Additionally, this method can explain the resistance of patients to certain medicines after initially effective treatment through comprehensive sequencing. Gene mutations can be reassessed in patients before changing therapies, improving the prognosis of patients. Moreover, NGS may observe gene alterations before the clinical resistance of patients because alterations may be detected at the genetic level before the appearance of detectable changes caused by the alterations. These alterations could be found later by biopsies or rebiopsies in therapy monitoring. Sanger sequencing remains the gold standard for detecting a small number of biological markers with limited sensitivity (approximately 20%), as sequencing with specific primers is required to identify somatic mutations; NGS may be advantageous for early detection with higher sensitivity. Currently, NGS is mainly used in lung cancer for DNA sequencing, but may be applied in other aspects such as RNA sequencing and chromatin immunoprecipitation (ChIP) sequencing to sequence the small RNA and epigenetic genome to provide complementary information and enable cross-validation.

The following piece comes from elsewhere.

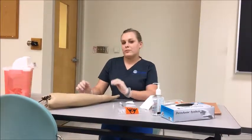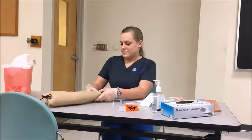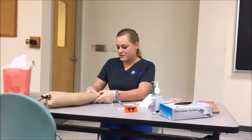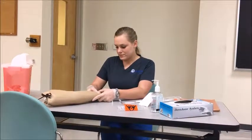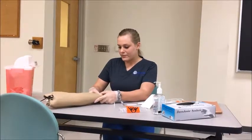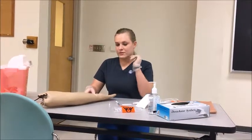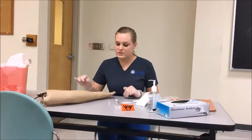Before I perform this test, I'll be doing the modified Allen's test to make sure the patient has good collateral circulation. You can just squeeze your fist three times and then hold. And then let go. Their hand pinked up in less than 10 seconds, so they have a positive result. So we can use the radial site.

Furthermore, massive genomic information gathered by NGS provides a great opportunity to explore more gene mutations that may be promising therapeutic targets. Several driver genes will gradually accumulate over time or during drug treatment, causing changes in the biological behavior of tumor cells; NGS may be useful for detecting changes in driver genes as well as predicting the biological behavior of tumor cells and multiple resistance genes.

NGS is expected to become widely used in the clinic as the technology improves, leading to the early diagnosis of NSCLC and identification of a greater number of driver genes and potential drug targets.

Conflicts of interest

The authors declare that they have no conflicts of interest concerning this article.